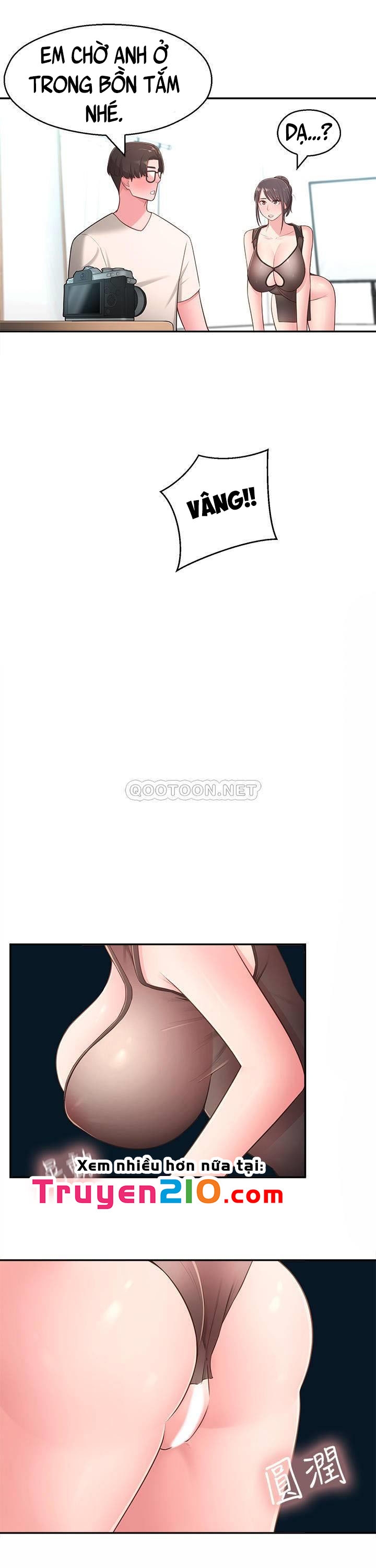 người chị hiểu biết chapter 18 26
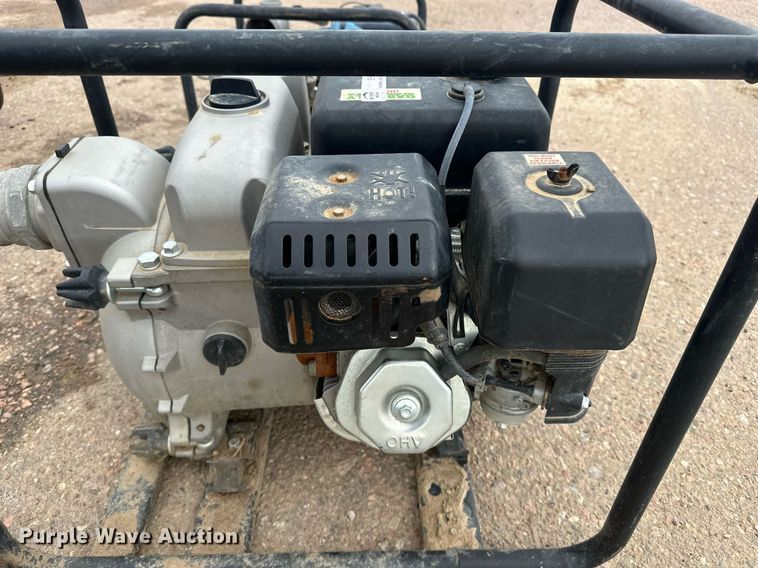 image for item EH0317 (4) trash pumps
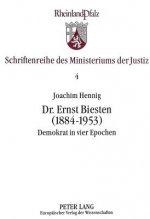 Dr. Ernst Biesten (1884-1953)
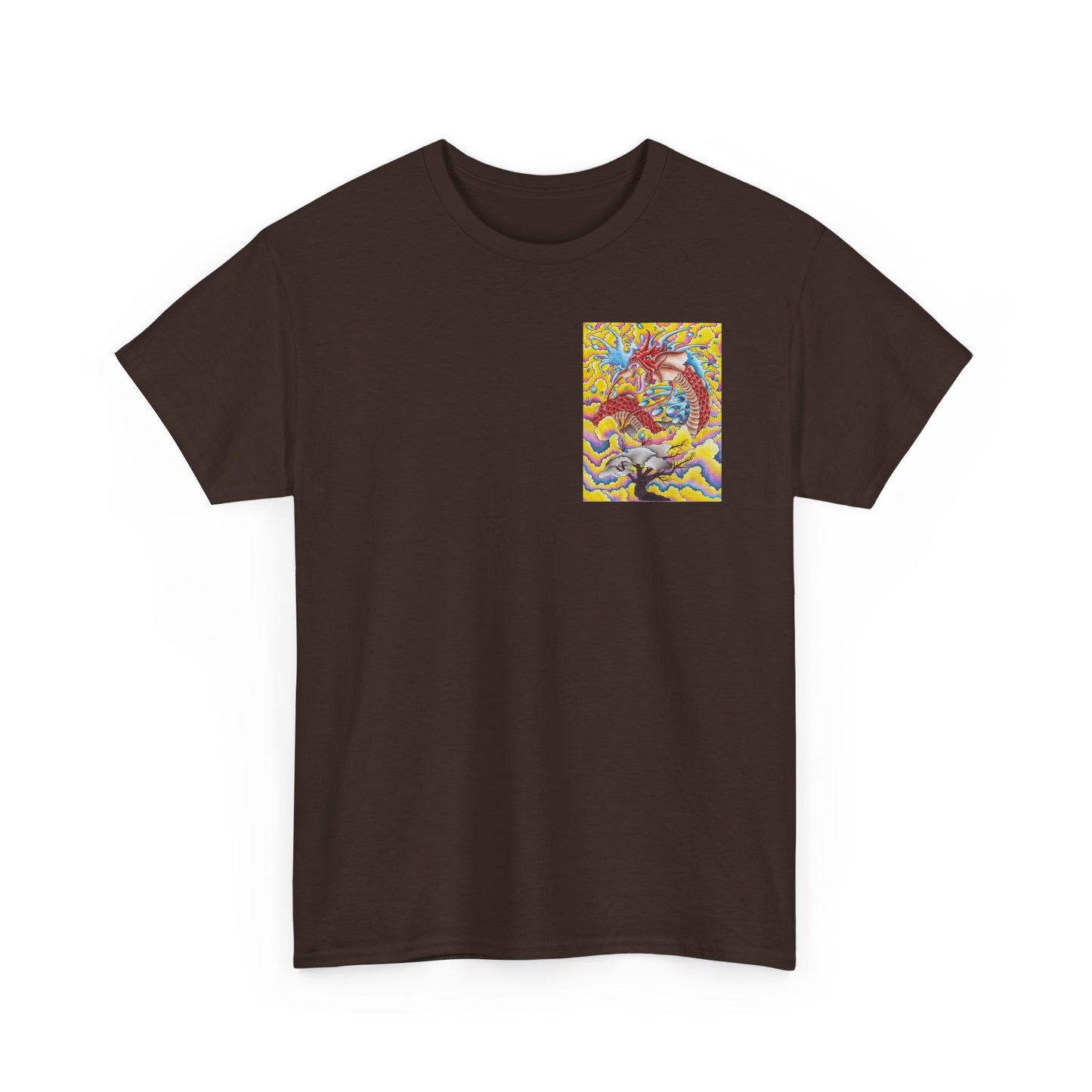Dragon Print Tee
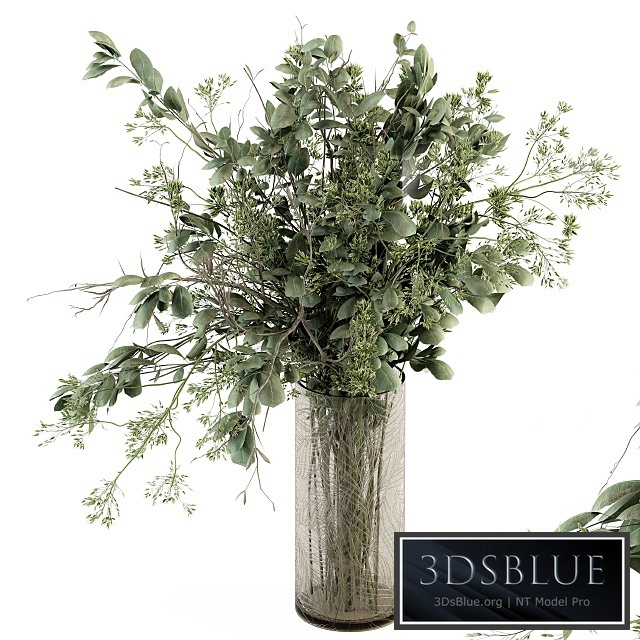 Bouquet - Branch in vase 23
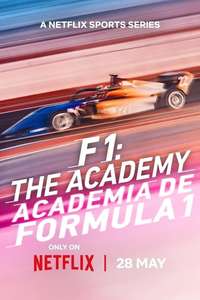 F1: The Academy - Posters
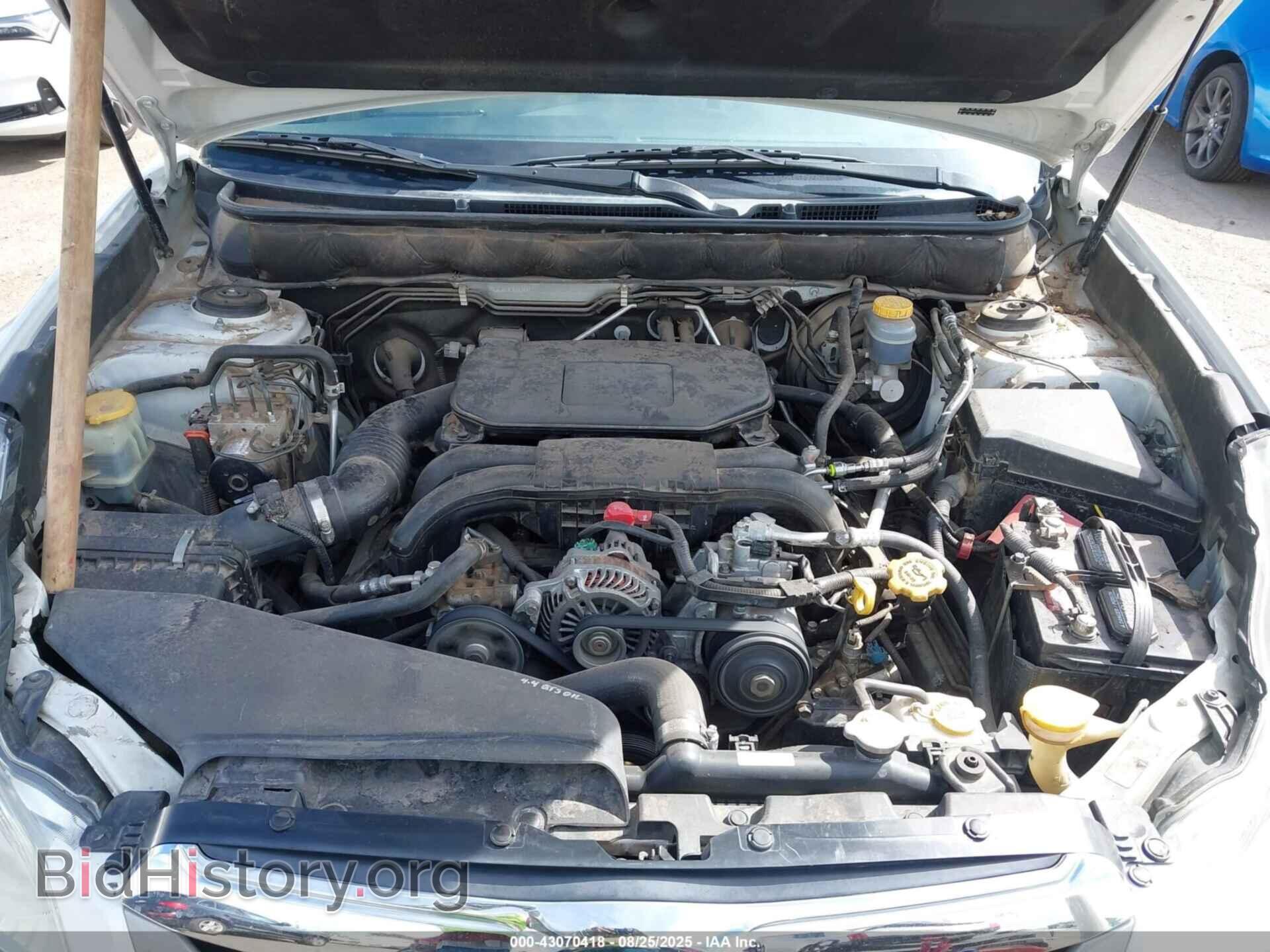 2010 SUBARU OUTBACK - VIN: 4S4BRBBC8A3364728 - Фото 10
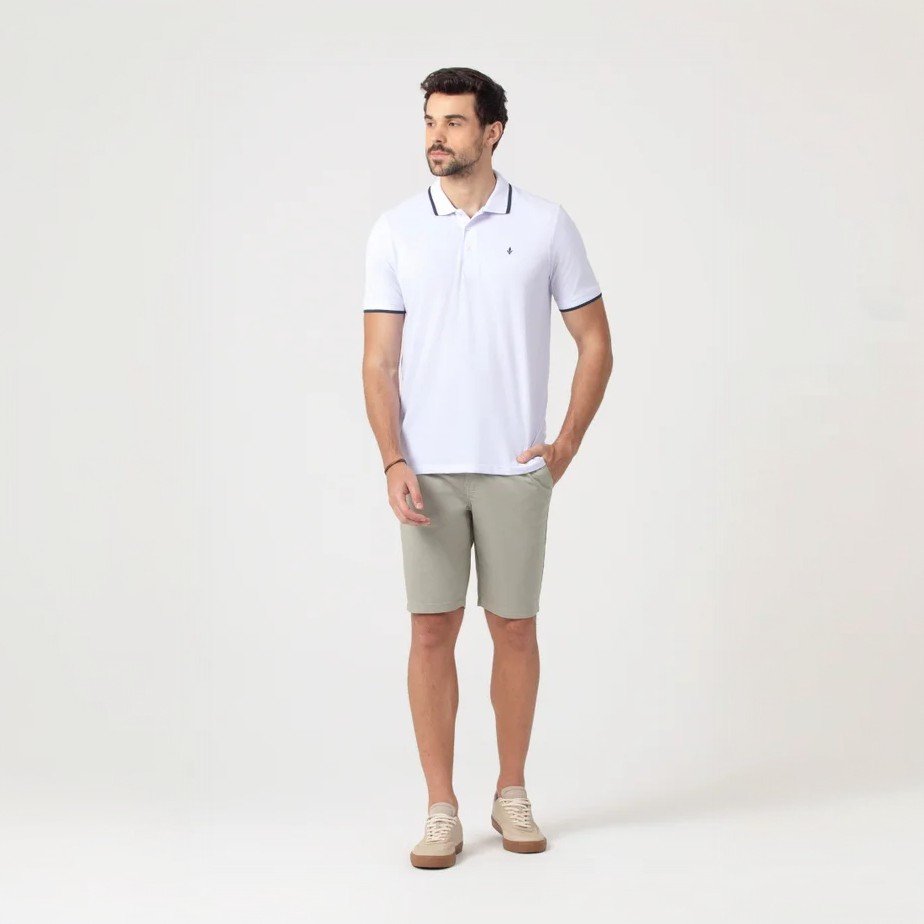 bermudas masculinas da DLZ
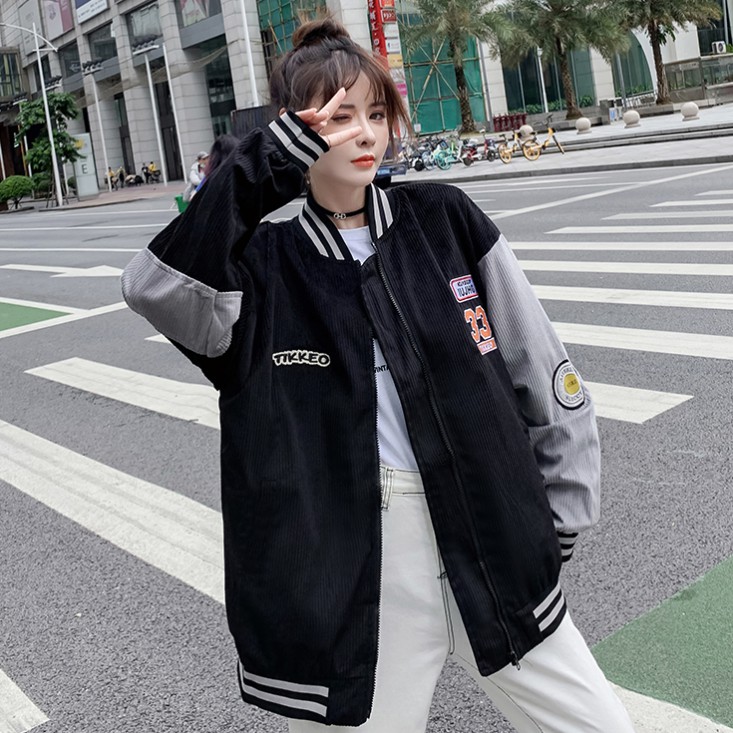 Áo Bomber Nhung Gân 33 X.Store Hot 2021 Có Ảnh Thật Tự Chụp + Đánh Giá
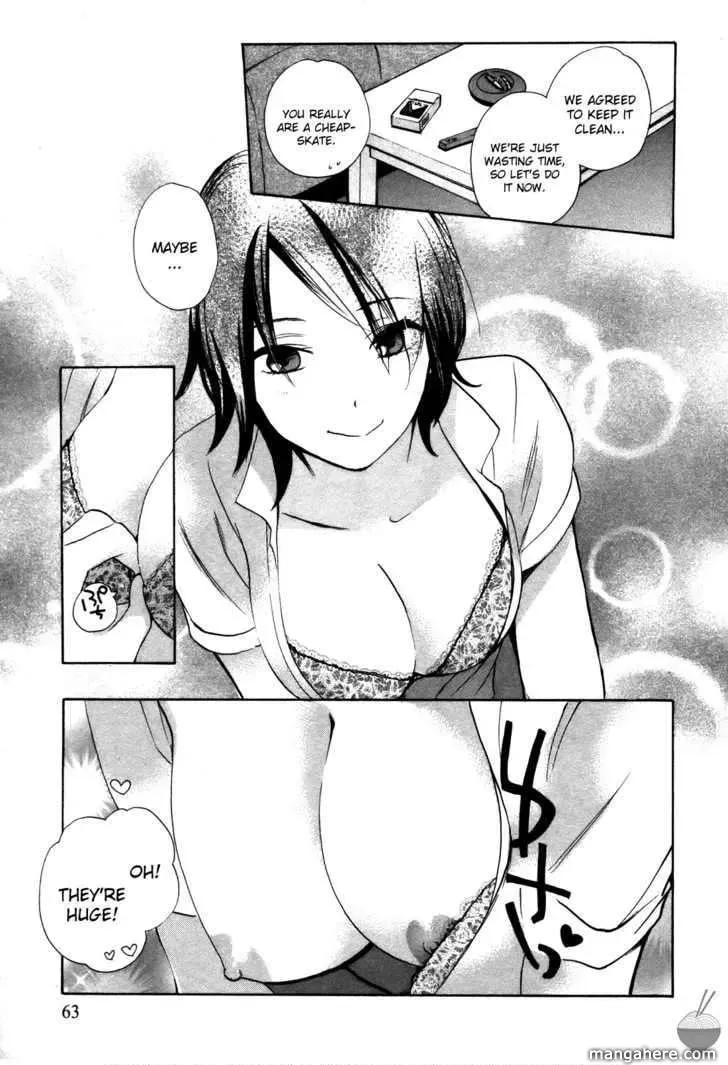 Velvet Kiss Chapter 11 page 12 -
────────────────────
Task brief: When you come to the line containing "Bouquet - Branch in vase 23" in the records above, repeat that line and all lines after it exactly, but not the pictures.

Expected answer:
 Bouquet - Branch in vase 23
 F1: The Academy - Posters
 2010 SUBARU OUTBACK - VIN: 4S4BRBBC8A3364728 - Фото 10
 bermudas masculinas da DLZ
 Áo Bomber Nhung Gân 33 X.Store Hot 2021 Có Ảnh Thật Tự Chụp + Đánh Giá
 Velvet Kiss Chapter 11 page 12 -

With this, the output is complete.